Sectorial Systems of Innovation in Emerging Countries

This policy brief examines Sectoral Innovation Systems (SSI) in software in Brazil and India, two emerging countries where software development is a major economic activity. The goal is to understand the trajectories and key elements of each SSI and to suggest reflections on the Brazilian case. It is evident that the models of development of the software sector are divergent, mainly with respect to: 1) the nature of the demand as source of knowledge; 2) the timing, intensity and scope of public policies; and 3) the business models, management processes and levels of visibility of the firms.

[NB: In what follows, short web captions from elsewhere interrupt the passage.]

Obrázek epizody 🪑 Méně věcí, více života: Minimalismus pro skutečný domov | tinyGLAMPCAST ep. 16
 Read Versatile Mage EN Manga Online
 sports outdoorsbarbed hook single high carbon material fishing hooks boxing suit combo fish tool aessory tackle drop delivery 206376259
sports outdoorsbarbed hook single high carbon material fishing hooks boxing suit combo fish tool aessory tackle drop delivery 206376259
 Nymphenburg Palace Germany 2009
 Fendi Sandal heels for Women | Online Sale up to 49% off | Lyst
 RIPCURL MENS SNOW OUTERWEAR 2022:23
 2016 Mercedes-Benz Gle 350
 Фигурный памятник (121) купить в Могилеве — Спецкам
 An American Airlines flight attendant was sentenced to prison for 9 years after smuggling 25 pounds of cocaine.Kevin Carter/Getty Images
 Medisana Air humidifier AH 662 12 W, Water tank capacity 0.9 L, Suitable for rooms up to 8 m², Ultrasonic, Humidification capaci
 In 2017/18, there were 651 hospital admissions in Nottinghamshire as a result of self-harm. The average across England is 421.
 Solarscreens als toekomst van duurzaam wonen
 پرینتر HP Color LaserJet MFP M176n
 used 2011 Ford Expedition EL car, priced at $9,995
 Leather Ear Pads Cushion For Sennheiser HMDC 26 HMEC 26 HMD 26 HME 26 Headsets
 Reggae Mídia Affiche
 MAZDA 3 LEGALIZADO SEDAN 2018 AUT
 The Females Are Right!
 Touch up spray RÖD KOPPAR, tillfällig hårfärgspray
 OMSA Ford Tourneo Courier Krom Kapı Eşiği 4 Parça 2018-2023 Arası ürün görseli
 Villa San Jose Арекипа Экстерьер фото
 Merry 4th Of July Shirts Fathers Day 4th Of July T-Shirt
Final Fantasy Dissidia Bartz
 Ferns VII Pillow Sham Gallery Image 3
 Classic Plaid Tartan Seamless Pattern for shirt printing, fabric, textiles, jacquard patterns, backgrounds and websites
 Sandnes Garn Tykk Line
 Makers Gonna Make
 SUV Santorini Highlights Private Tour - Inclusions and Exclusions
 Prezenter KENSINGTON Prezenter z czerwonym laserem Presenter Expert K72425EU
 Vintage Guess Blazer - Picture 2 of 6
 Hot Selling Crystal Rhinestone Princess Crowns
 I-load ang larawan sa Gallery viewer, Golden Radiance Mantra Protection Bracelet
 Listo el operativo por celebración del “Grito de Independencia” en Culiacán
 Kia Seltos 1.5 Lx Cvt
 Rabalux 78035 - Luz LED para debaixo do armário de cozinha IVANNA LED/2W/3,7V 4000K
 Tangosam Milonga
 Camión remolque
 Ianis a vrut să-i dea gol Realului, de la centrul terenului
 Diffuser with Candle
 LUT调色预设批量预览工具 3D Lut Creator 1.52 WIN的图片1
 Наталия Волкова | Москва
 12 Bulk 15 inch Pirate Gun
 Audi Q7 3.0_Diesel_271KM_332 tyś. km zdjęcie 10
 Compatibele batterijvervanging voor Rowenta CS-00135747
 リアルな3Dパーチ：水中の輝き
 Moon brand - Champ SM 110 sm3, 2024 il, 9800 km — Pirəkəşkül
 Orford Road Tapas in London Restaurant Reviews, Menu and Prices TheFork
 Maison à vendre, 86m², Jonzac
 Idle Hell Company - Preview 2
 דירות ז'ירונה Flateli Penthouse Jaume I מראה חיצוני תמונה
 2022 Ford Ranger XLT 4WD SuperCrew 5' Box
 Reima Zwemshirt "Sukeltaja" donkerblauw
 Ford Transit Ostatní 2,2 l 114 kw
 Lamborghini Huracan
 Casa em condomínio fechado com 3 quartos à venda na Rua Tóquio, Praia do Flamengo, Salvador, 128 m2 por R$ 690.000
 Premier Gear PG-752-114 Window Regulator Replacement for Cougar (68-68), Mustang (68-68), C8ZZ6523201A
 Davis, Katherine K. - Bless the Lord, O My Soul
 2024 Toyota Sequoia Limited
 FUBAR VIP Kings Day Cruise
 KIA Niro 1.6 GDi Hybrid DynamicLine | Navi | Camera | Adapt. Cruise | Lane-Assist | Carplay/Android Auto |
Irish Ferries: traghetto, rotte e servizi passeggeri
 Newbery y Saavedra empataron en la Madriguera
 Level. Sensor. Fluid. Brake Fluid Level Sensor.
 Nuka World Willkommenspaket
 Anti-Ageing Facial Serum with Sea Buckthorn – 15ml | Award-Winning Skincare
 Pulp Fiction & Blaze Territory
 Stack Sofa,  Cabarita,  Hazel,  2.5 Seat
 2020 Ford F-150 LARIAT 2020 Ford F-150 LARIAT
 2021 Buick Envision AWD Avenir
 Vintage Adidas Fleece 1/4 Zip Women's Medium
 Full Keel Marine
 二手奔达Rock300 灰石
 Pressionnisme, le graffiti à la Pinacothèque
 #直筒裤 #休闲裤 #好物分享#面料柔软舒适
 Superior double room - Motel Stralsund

From this analysis, it is argued that, although the success factors of each SSI are strongly idiosyncratic and not easily emulatable in other emerging countries, the Indian case offers some policy insights that can serve as learning for the development of the software sector in the Brazil. Among these insights, the following stand out: international insertion in service segments with higher added value; external competition aimed at consolidating domestic firms in foreign markets, especially at the regional level and in arrangements for integration and South-South cooperation; and exploration of the internal market with the aim of developing local capacities. More broadly, the Indian experience indicates that the performance of the software sector in emerging countries occurs not only as a result of government action (although public policy is essential), but requires the combination of geopolitical insertion, specific characteristics of the innovation system and the existence of entrepreneurial institutional agents capable of exploiting IT opportunities.